日本人の胃がんの原因の9割以上を占めると言われるピロリ菌。WHO(世界保健機関)がピロリ菌を「確実な発がん因子」と認定し、日本でも除菌治療が健康保険に適用されています。ではピロリ菌を除菌すれば、胃がんは確実に防げるのでしょうか?ピロリ菌の検査方法や除菌治療、除菌による胃がんの予防効果等について解説します。
胃がんの発症原因となるピロリ菌とは
ピロリ菌は、正確には「ヘリコバクター・ピロリ」といい、「ヘリコ」は、「らせん」を意味します。その名の通り、胃の粘膜に生息するらせんの形をした細菌で、大きさは平均1000分の4mm。日本人の胃がんの9割以上はピロリ菌の感染が原因とされます。
欧米の多くの国やアフリカ諸国でも、日本と同様にピロリ菌をもっている人は多いのですが、日本と比べて、胃がんは多くありません。これは、東アジア株と言われる日本のピロリ菌が、欧米の菌に比べ多くの毒素を産生し、胃がんを発症させる力が強い菌だからです。

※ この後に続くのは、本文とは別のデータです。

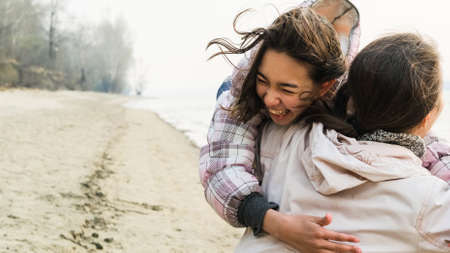 Happy family is resting and having fun together in nature on the river bank in spring. Teenage daughter hugging mom and laughing.の写真素材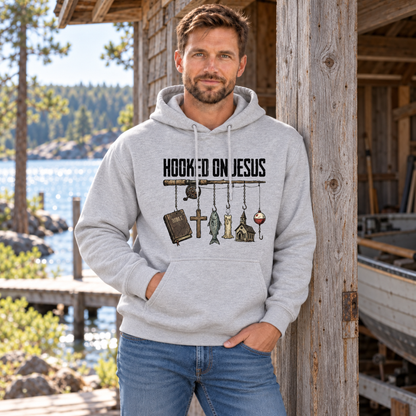 Man wearing a sports gray Hooked on Jesus hoodie beside a rustic boathouse.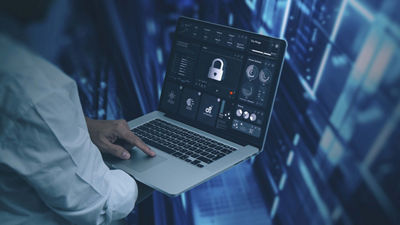 Man holding laptop with padlock on screen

かつて、胃の中は強い胃酸だらけで細菌は生きられないと考えられていました。ところが1982年、胃酸を中和するアンモニアを自ら作り出して強酸の中で生存するピロリ菌を、オーストラリアの2人の医師、ウォーレンとマーシャルが発見。さらに84年、マーシャルがピロリ菌を自ら飲み込み、自分の体で急性胃炎を引き起こす実験に成功。ピロリ菌が胃炎を引き起こすことを明らかにしました。2人はこの成果で2005年にノーベル賞を受賞したのです。
戦後70年、衛生環境の向上に伴い、日本人のピロリ菌感染率はどんどん低下しています。現在、60代以上の日本人の過半数がピロリ菌に感染している一方で、20代の感染率は10数%、10代ではもっと少なくなっています。今後、日本のピロリ菌感染者はさらに減少すると考えられます。
ピロリ菌感染の検査方法について
ピロリ菌に感染しているかどうかを調べる検査法にはいろいろあり、内視鏡を使って調べる方法もありますが、それよりも、血液や尿、呼気などを使って調べる方法が簡便です。
特に、炭素の同位元素を含んだ尿素を飲み、飲む前と飲んだ後の呼気を調べる「尿素呼気試験」は、体への負担も少なく、精度の高い方法です。ピロリ菌が作り出す酵素のウレアーゼが、胃の中の尿素を二酸化炭素とアンモニアに分解するので、もし、胃の中にピロリ菌がいれば、吐き出した呼気中に、炭素の同位元素を含んだ二酸化炭素が増加。尿素呼気試験は、その二酸化炭素の変化量を測定する検査です。
除菌治療の方法と成功率
WHO(世界保健機関)が1994年、ピロリ菌を「確実な発がん因子」と認定したことを受け、日本では2000年からピロリ菌の除菌治療が健康保険に適用されました。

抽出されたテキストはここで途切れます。